La parábola viva del reinado de Dios como un niño, aunque no nos revela la forma de armonizar lo religioso y lo político, nos da su prueba de fuego. Iglesia y Estado justifican su existencia por el servicio al débil. Quizás la historia continúe siendo el relevo de varias formas de autoridad o poder político, económico, religioso, popular o militar, implementando formas tentativas de orden que expresen una mayor justicia, así sea relativa. Pero, igualmente, las nuevas formas serán objeto de nuevas protestas y cambios, y serán desafiadas por el valor profético del evangelio: atender al pobre, al marginado, al excluido. No hay continuidad defendible entre el poder o autoridad atribuidos a Dios y el poder o autoridad humana. En la democracia ya el poder no viene de Dios sino del pueblo que lo delega. Siempre existirá el desfase entre las pasiones humanas que no son extirpables y el llamado del evangelio a la conversión que es volverse hacia el único lugar donde Dios está vivo: el ser humano. El hombre creyente en sus dificultades mirará e invocará a un Dios omnipotente que ya nos ha desviado la mirada con Jesús hacia el impotente y sufriente en la cruz, a un Dios que sufre con nosotros, a un Dios que nos desvía la mirada a quien se ganó un puesto en la historia de la humanidad precisamente por su debilidad, no por su carácter de todopoderoso[2]. Una debilidad que es el camino a la resurrección. Solamente la fe en esta nos puede mantener con esperanza en una humanidad que no ha logrado el control adecuado de sus pasiones ni a nivel personal ni a nivel colectivo (sociedad, Estado, familia, empresa, instituciones). Somos responsables del mal manejo de nuestra pasión por el poder, así como de las víctimas que causan las estructuras de poder. En este sentido, el cristiano está siempre insatisfecho frente a todos los poderes. Como expresaba León Tolstoy, solamente un buen creyente es un buen disidente: no cree en las fantasías del poder (reyes, zares, dictadores, caudillos, etc.). Al fin y al cabo, Jesús fue víctima de las autoridades o poderes políticos y religiosos de su tiempo y con su resurrección se enseñorea sobre ellos. El cristiano reconoce en Jesús solamente el poder y la autoridad que nacen del servicio, no si buscan ser servidas.
 
[1] Se han dado muchas explicaciones de su caída siendo la más conocida la de san Agustín en su Ciudad de Dios. Roma habría caído por inmoral.

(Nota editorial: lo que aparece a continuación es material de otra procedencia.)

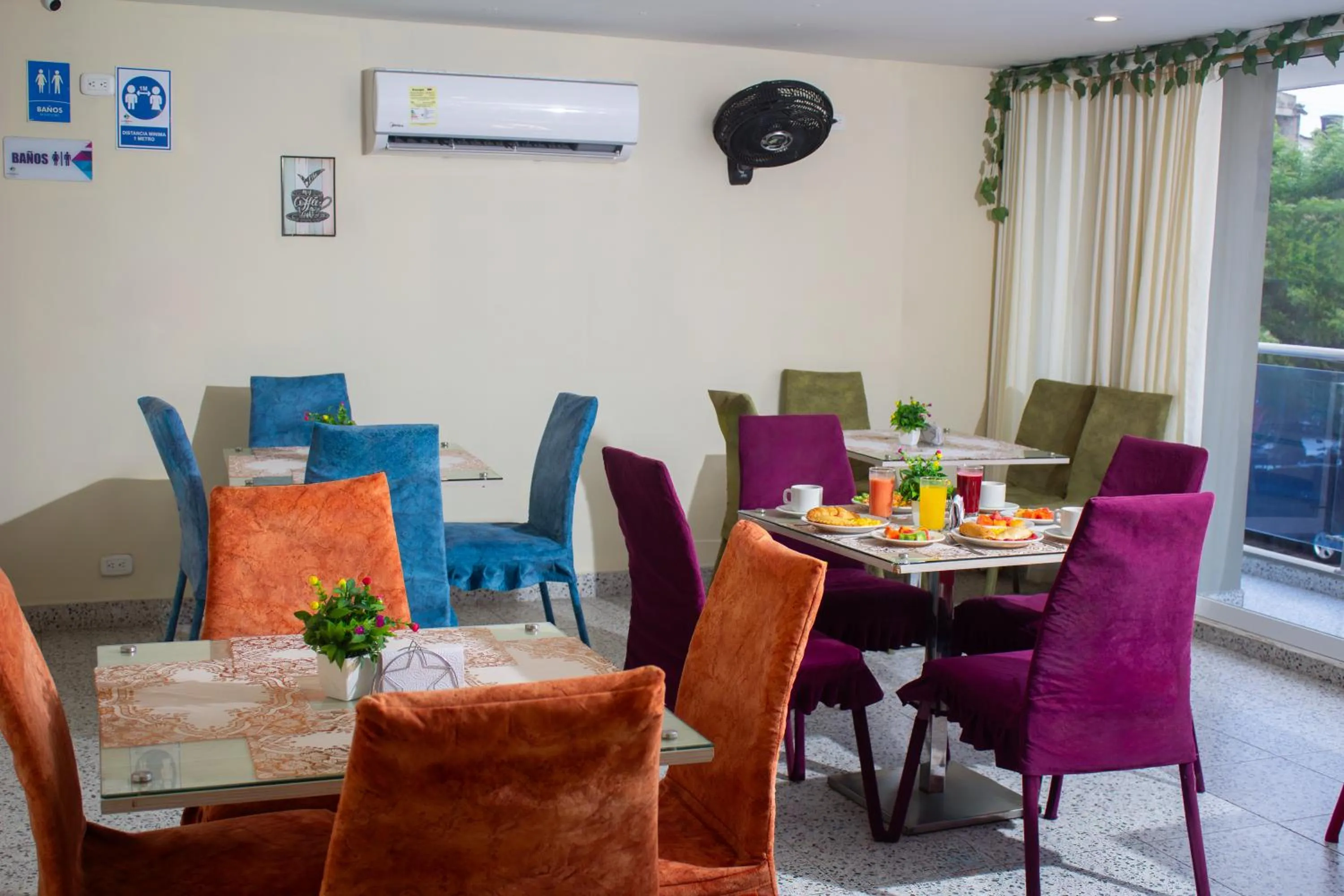 Hotel Catedral inn B SAS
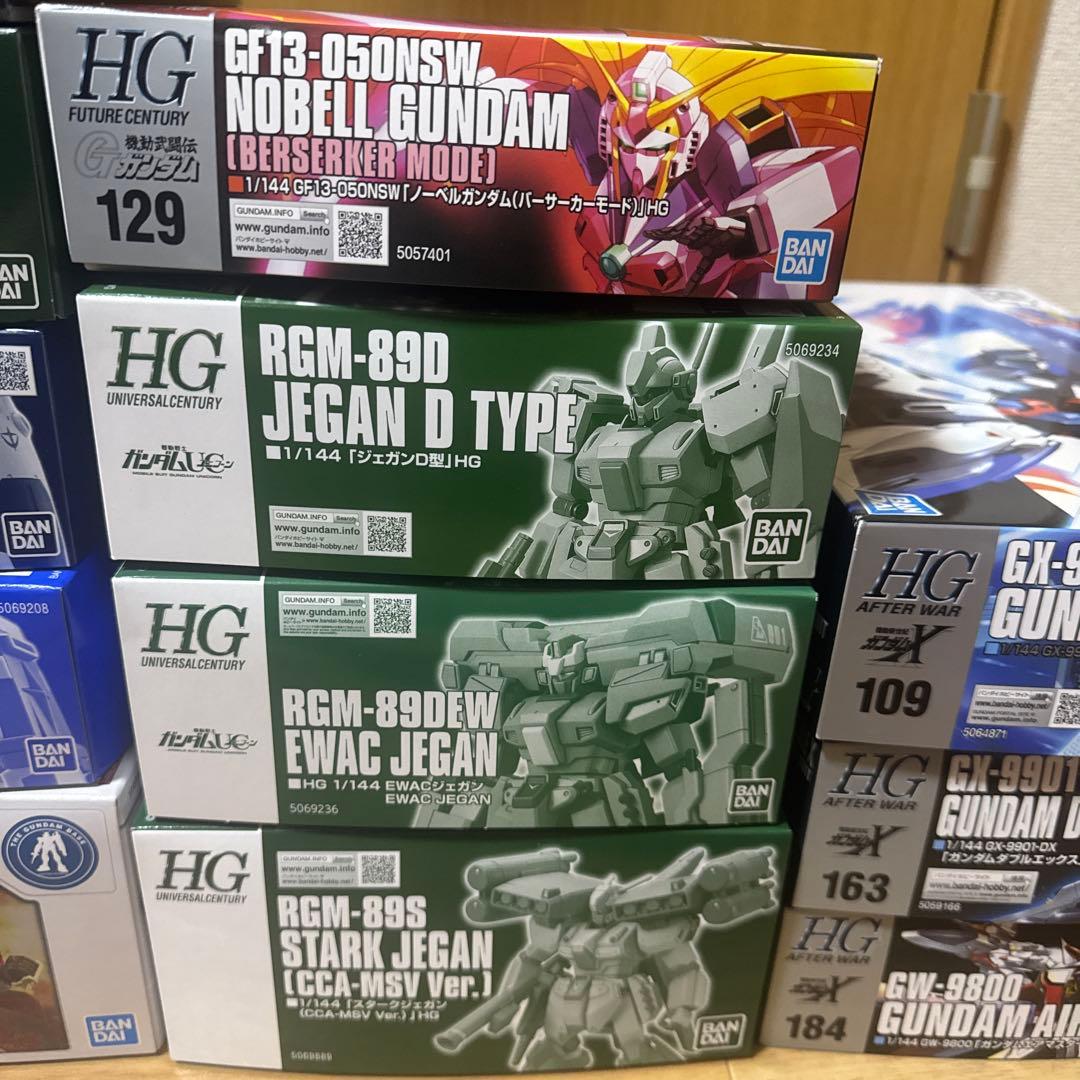 r*a様 HG ガンプラ まとめ売り
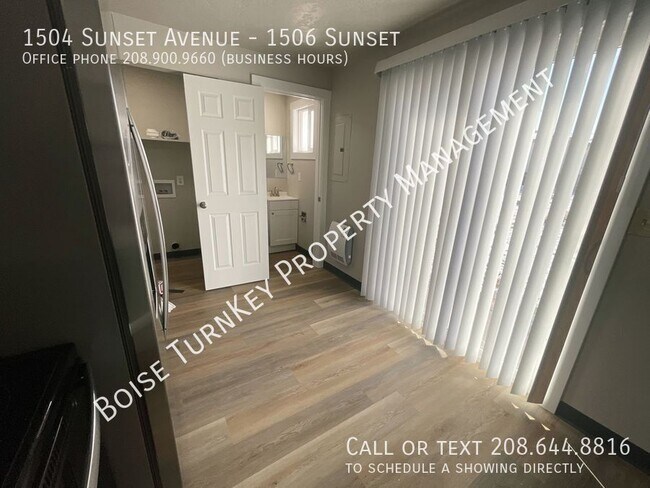 Foto del edificio - 1504 Sunset Ave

[2] El adjetivo “todopoderoso” (pantokrator, en griego) no aparece sino una vez en el Nuevo Testamento si se exceptúa el Apocalipsis. Aparece en una carta de Pablo y con sentido muy diferente al corriente: «Yo seré para vosotros padre, y vosotros seréis para mí hijos e hijas, dice el Señor todopoderoso.» (2 Co 6:18). Para José María Castillo “todopoderoso” (del Credo) es herencia de los teólogos asesores de Constantino. Todopoderoso en el amor, todopoderoso en misericordia suena más concorde con el evangelio.